ΔΙΑΛΟΓΟΙ


Выброси, Лампих, спесь и надменность; все это слишком отягчит лодку Харона.
Лукиан, Диалоги мёртвых, 4.


Художник и смерть

Смерть пришла к художнику, он занят своим делом.

«Разве ты меня не замечаешь?»

«А что тебе надо?»

«Разве не понятно – что?»

«Мне некогда».

«Мне тоже».

«Ну, хорошо, – сказал художник, – хочешь, я тебя нарисую?»

«Что это значит?»

«Сделаю твой портрет».

Смерть уселась на возвышении, мастер накинул на неё чёрный плащ, красиво расположил складки, дал в руки череп.

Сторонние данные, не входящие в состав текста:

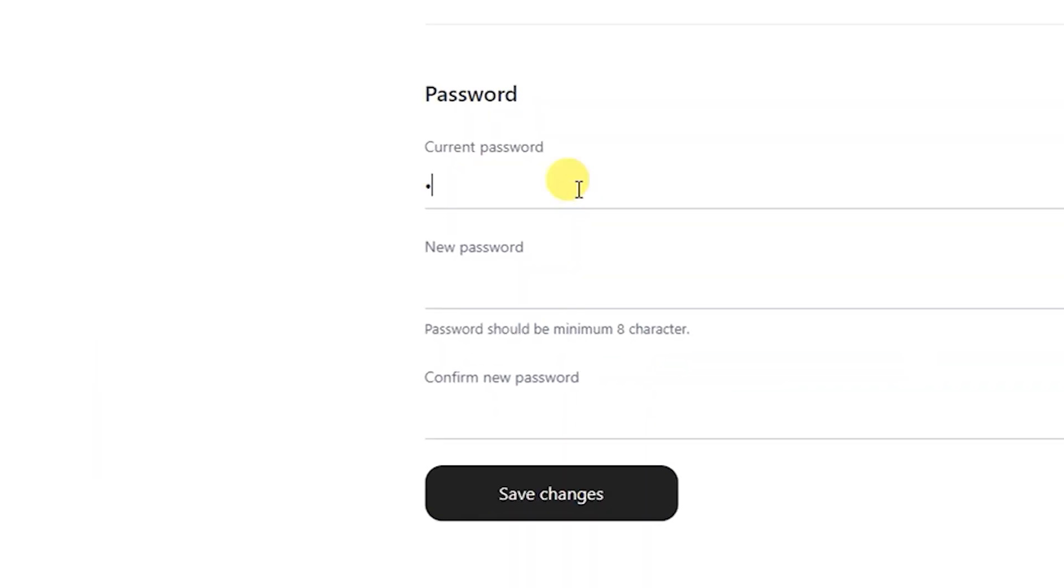Type in your current password followed by the new password you wish to use. Confirm your new password and click save changes.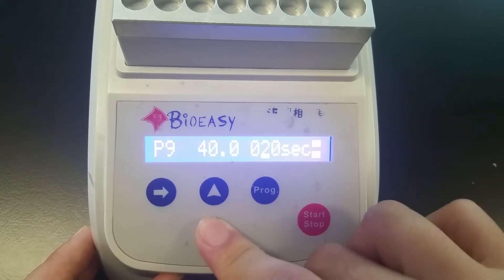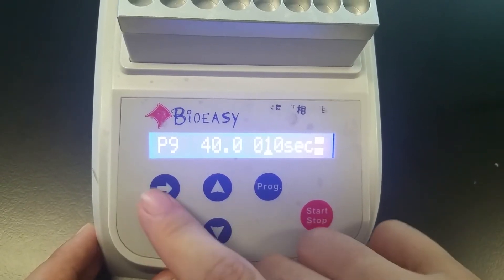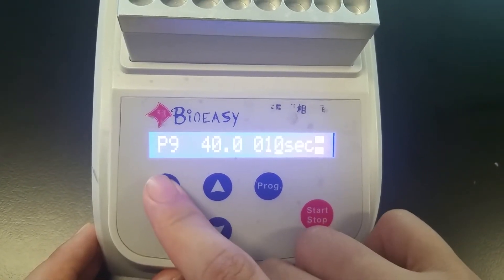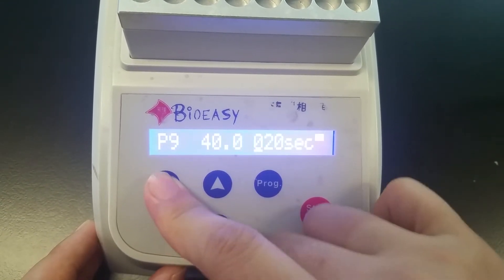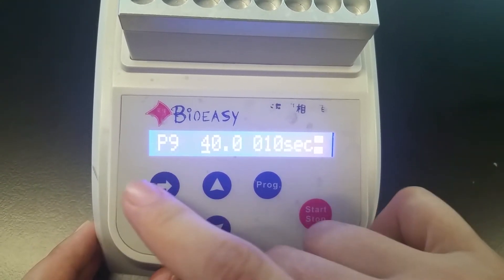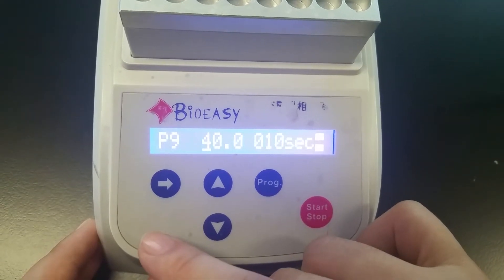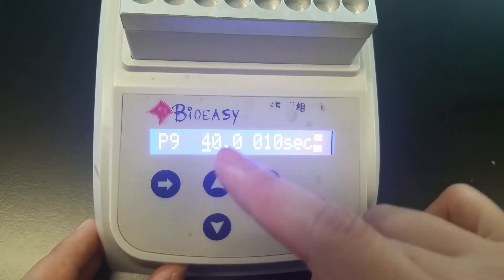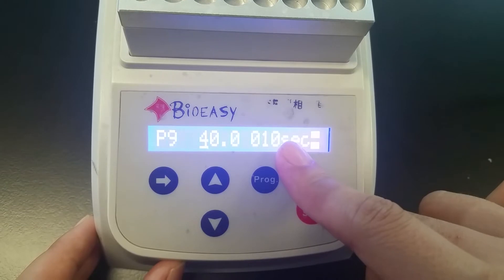For example, 10 seconds. And move the left button further. So now the second round incubation time and temperature is done: 40 degrees and 10 seconds.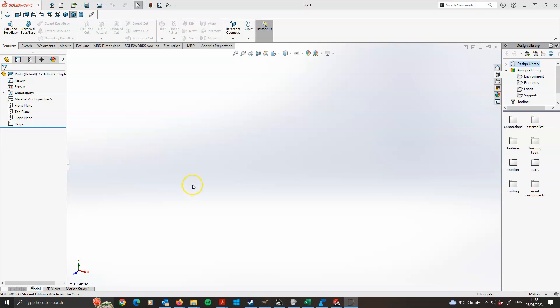Hello and welcome to a short video in this introduction to SOLIDWORKS Simulation finite element analysis. In this video I'm going to run through the first exercise, exercise 1, where we'll just model a bar in tension.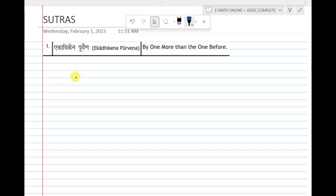Good morning everyone. Today we will discuss Vedic Mathematics — what it is and why we use these techniques. For faster calculations, it was needed to learn these techniques, and these are all ancient techniques.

Потребуется, сказал он, несколько сеансов.

Через несколько дней она спросила:

«Ну как, готово? Можно взглянуть? Мне нравится».

«А мне – нет. Романтизм, банально».

Начал заново, без плаща и черепа.

Ещё сколько-то дней прошло. Художник качал головой: опять не то. Неуместный модернизм. И тоже порядком надоевший.

«Мастер, – сказала смерть, – всякому терпению приходит конец. Что будем делать?»

«Я понял, – сказал художник, – задача искусства – изображать не внешний вид вещей, а их сущность».

«Ты со мной торгуешься. Это нечестно».

«Твоя сущность, – продолжал он, – вот что важно. Посиди в сторонке. Я напишу тебя такой, какова ты на самом деле».

Он заверил гостью, что на этот раз работа не займёт много времени, уселся перед мольбертом. Но прошёл час, и ещё час.

«Меня ждут другие», – сказала смерть. Она удалилась, а мастер, в глубокой задумчивости, с палитрой и кистью в руках, так и не сдвинулся с места.

Она явилась на другой день.

«Много работы. Террористы взорвали бомбу в универмаге».

«У тебя, я вижу, объявились помощники», – заметил художник.

«То ли ещё будет... Но не стоит отвлекаться. Надеюсь, картина готова?»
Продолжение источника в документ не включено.